SUPPLIED DATA:
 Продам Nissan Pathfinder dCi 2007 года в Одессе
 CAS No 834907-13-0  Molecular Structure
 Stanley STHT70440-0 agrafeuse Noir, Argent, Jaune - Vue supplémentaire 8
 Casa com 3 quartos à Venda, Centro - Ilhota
--
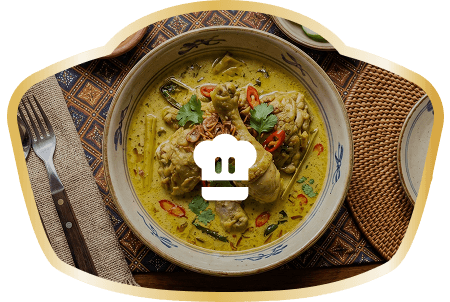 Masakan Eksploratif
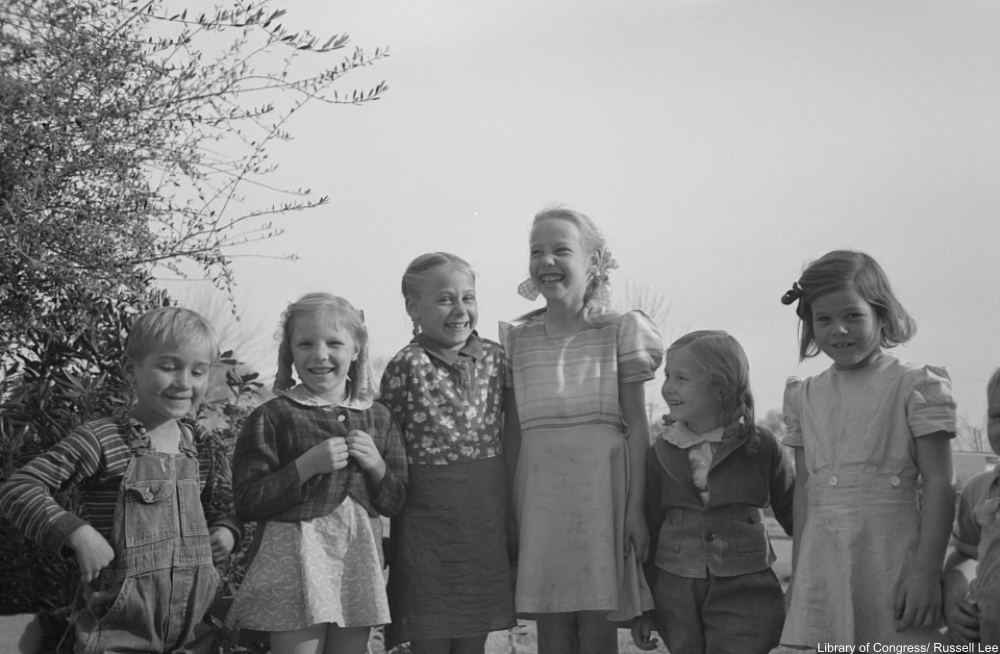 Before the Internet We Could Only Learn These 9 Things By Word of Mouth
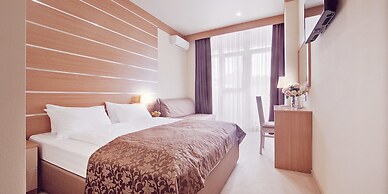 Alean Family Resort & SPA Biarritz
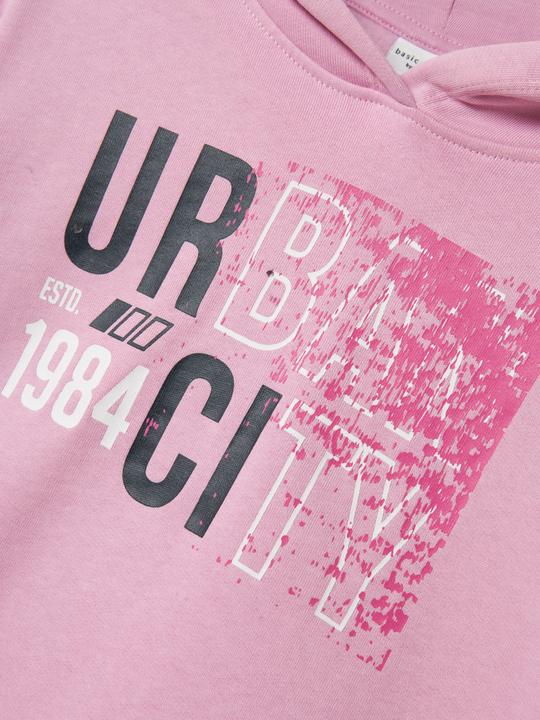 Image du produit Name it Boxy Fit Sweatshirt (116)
...
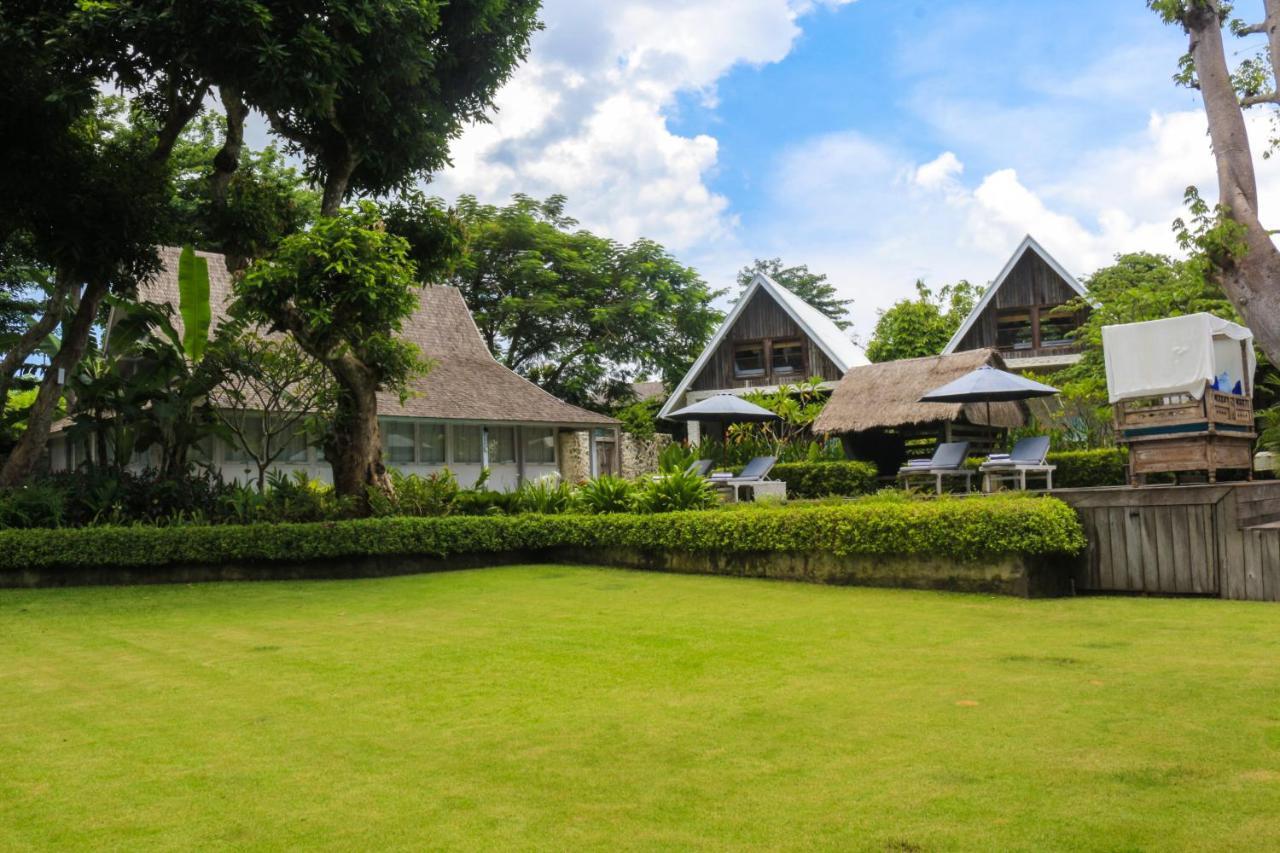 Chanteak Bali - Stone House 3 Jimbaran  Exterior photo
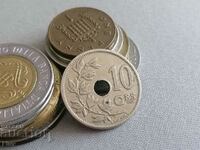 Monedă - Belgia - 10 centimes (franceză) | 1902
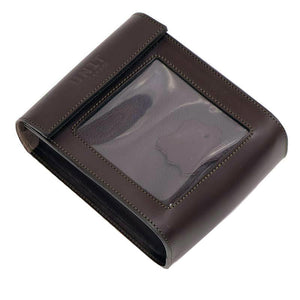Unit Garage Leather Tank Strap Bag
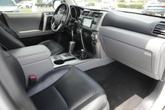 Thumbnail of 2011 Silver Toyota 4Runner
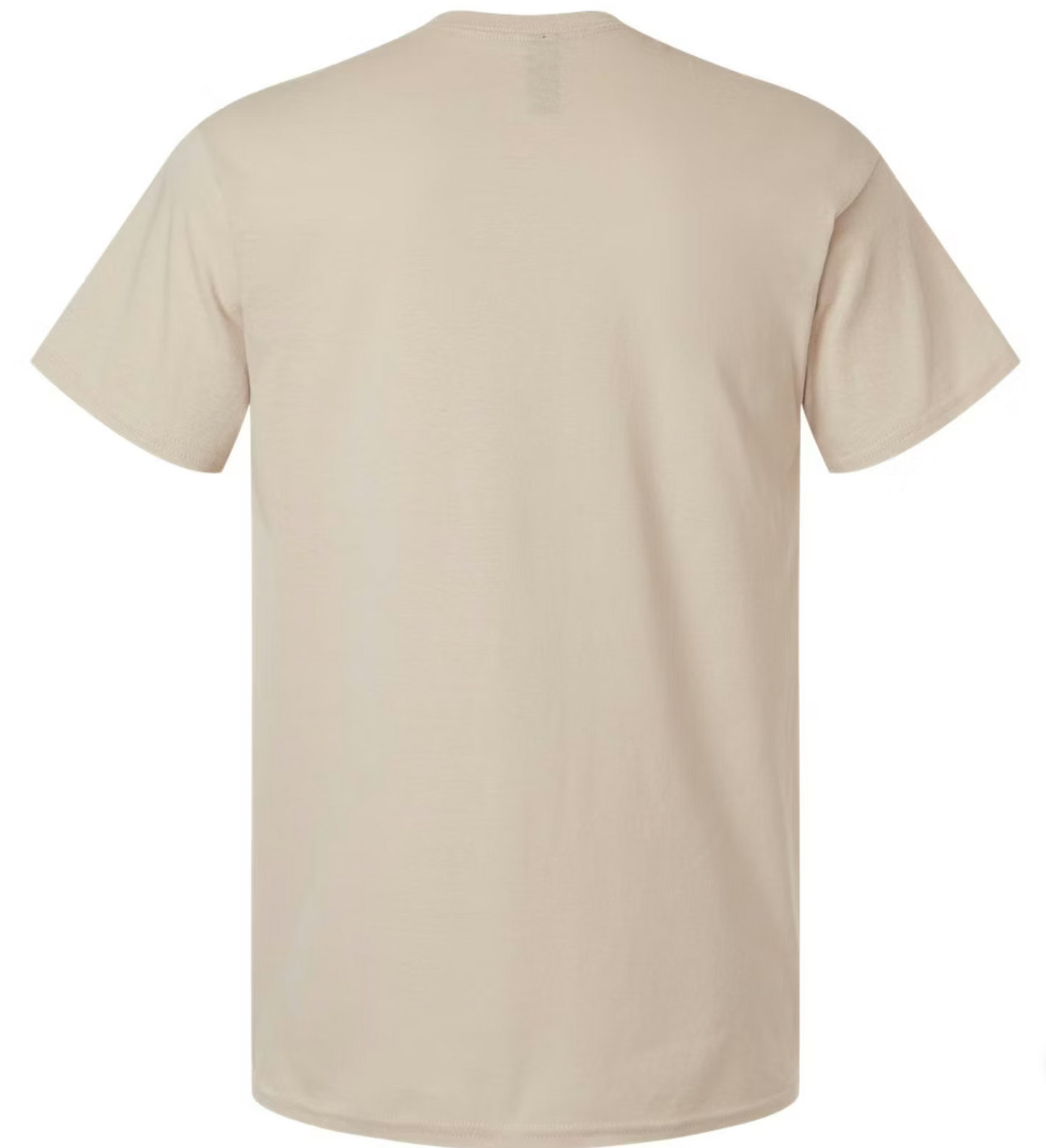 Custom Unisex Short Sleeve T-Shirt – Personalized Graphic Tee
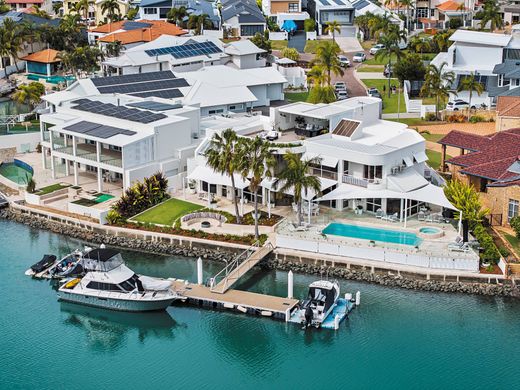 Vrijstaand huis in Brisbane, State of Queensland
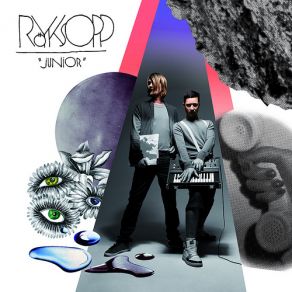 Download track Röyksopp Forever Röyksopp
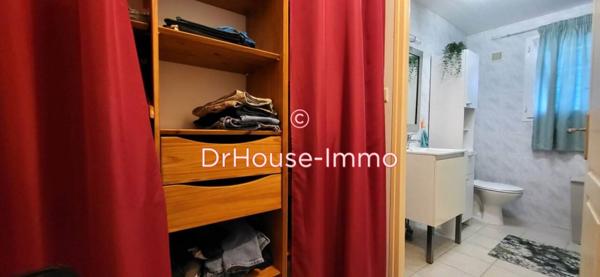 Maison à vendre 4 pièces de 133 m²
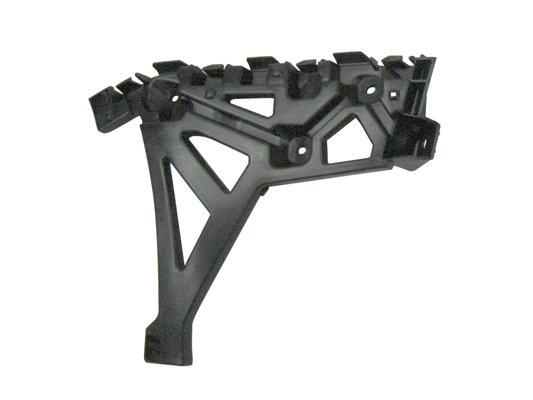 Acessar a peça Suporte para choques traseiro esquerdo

WHAT NEEDS TO BE DONE:
For the entries above, print exactly the lines between the one with "Chanteak Bali - Stone" and the one with "Acessar a peça", inclusive, with no pictures.

WRITTEN REPLY:
 Chanteak Bali - Stone House 3 Jimbaran  Exterior photo
 Monedă - Belgia - 10 centimes (franceză) | 1902
Unit Garage Leather Tank Strap Bag
 Thumbnail of 2011 Silver Toyota 4Runner
 Custom Unisex Short Sleeve T-Shirt – Personalized Graphic Tee
 Vrijstaand huis in Brisbane, State of Queensland
 Download track Röyksopp Forever Röyksopp
 Maison à vendre 4 pièces de 133 m²
 Acessar a peça Suporte para choques traseiro esquerdo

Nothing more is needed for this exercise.